2017-03-11 07:29:00

Hunger geht auch die Satten an: Eine Konferenz in Rom


Wir müssen den Hunger „entbürokratisieren“, das Elend „entnaturalisieren“: Dazu forderte Papst Franziskus bei seinem Besuch beim Welternährungsprogramm der Vereinten Nationen (WFP) in Rom am 13. Juni letzten Jahres auf. Den Hungernden und Leidenden der Welt ein Gesicht zu geben, diese hehre Absicht treibt auch den Autor und Historiker Martín Caparrós um. Der Argentinier hat nach ausgiebigen Recherchereisen ein Buch vorgelegt, in dem er Einzelschicksale von Hungernden aus aller Welt erzählt und analytisch unterlegt. Das Buch heißt „Der Hunger“, ist mittlerweile in 16 Sprachen übersetzt und packt durch seine unmittelbare Schilderung der Einzelschicksale den Leser direkt ans Herz – und an den in der Regel gut gefüllten Bauch. Auf Deutsch hat es der Inselverlag herausgebracht, es kostet etwa 30 Euro.

Botschafter Hinrich Thölken vertritt Deutschland bei den in Rom ansässigen internationalen Organisationen, die sich dem Kampf gegen den Welthunger verschrieben haben; auch ihn hat das Buch keineswegs kalt gelassen. Es hat in ihm den Wunsch geweckt, es als Aufhänger für eine interdisziplinäre Podiumsdiskussion in den Räumen der Welternährungsorganisation in Rom zu nehmen. Mitveranstalterin der hochkarätig besetzten Konferenz „Agenda 2030 - Fighting Hunger, Overcoming Poverty, Protecting our Climate - open up on new prospects“ an diesem Mittwoch war die Deutsche Botschaft am Heiligen Stuhl, vertreten durch Botschafterin Annette Schavan.

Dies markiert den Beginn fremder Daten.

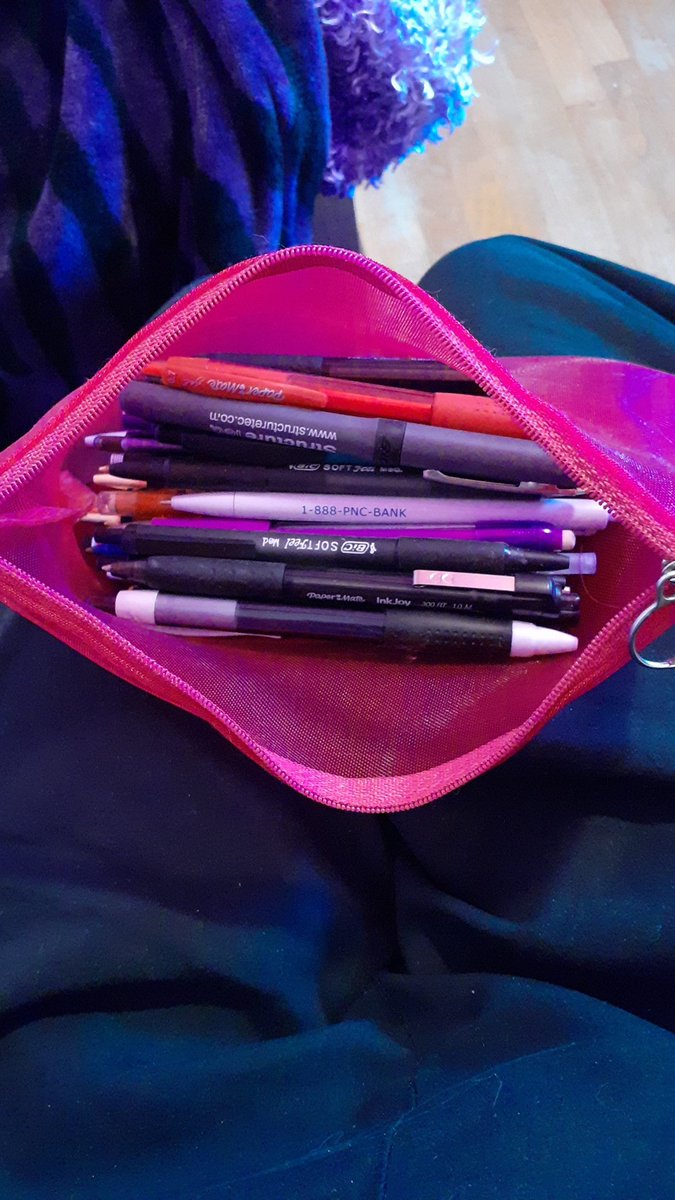 Delong252L's tweet photo. I just solved my pen crisis! #InkRunsDry https://t.co/9ZAPtLsr9S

„Wie zum Teufel können wir weiterleben, obwohl wir wissen, dass diese Dinge geschehen?"

„Da gab es immer eine Konstante im Hintergrund, die sich wie ein roter Faden durch ganz verschiedene Situationen durchgezogen hat. Migrationen, Konflikte, Kriege, was auch immer. Und diese Konstante war, dass die meisten Menschen, zu denen ich gesprochen habe, nicht genug gegessen haben. An einem gewissen Punkt habe ich dann gedacht, dass ich diesen Hintergrund gerne in den Vordergrund rücken würde, um dieses Problem anzusprechen, das als Hauptproblem immer ein wenig untergegangen ist.“ 

So beschreibt der Autor des Buches, Martín Caparrós, bei der Konferenz die Erkenntnis, die jahrelange Recherchereisen in den Randgebieten der Welt, aber auch in Ländern wie den USA, in ihm haben reifen lassen. Doch diese Erkenntnis bedurfte noch eines Schlüsselerlebnisses, um sich dem Thema Hunger auch auf literarische Weise zuzuwenden.

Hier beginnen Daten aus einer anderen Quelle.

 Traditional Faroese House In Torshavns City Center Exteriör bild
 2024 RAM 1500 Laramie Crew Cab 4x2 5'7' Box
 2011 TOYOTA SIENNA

„In einem kleinen Dorf in Niger habe ich eine Frau, Aysha, gefragt, was sie sich wünschen würde, wenn ein Zauberer ihr diesen Wunsch erfüllen könnte. Sie überlegte kurz und meinte dann: Eine Kuh. Und sie erklärte mir: Mit einer Kuh kann ich meinen Kindern Milch geben und vielleicht bleibt auch noch etwas übrig, so dass ich etwas auf dem Markt verkaufen kann. Und ich sagte ihr: Aber das ist ein mächtiger Zauberer, er kann dir jeden Wunsch erfüllen! Sie meinte: Wirklich jeden? Dann hätte ich gerne zwei Kühe.“

Dies, so Caparròs, sei der zündende Moment gewesen, in dem ihm klar wurde, wie sehr das Fehlen von Nahrungssicherheit auch die ureigene menschliche Fähigkeit der Vorstellung, des Wünschens unterminiert. Letztlich geht es dem Hungernden nur darum, eine tägliche Ration an lebenserhaltender Nahrung zu erhalten – von der „Varietät“ und „Ausgewogenheit“ der Ernährung, wie sie für die propagiert wird, die sich eine solche leisten können, ganz zu schweigen. Doch halt: Überhaupt „Hunger“ zu sagen, ist eigentlich schon der falsche Ansatz, meint Caparrós.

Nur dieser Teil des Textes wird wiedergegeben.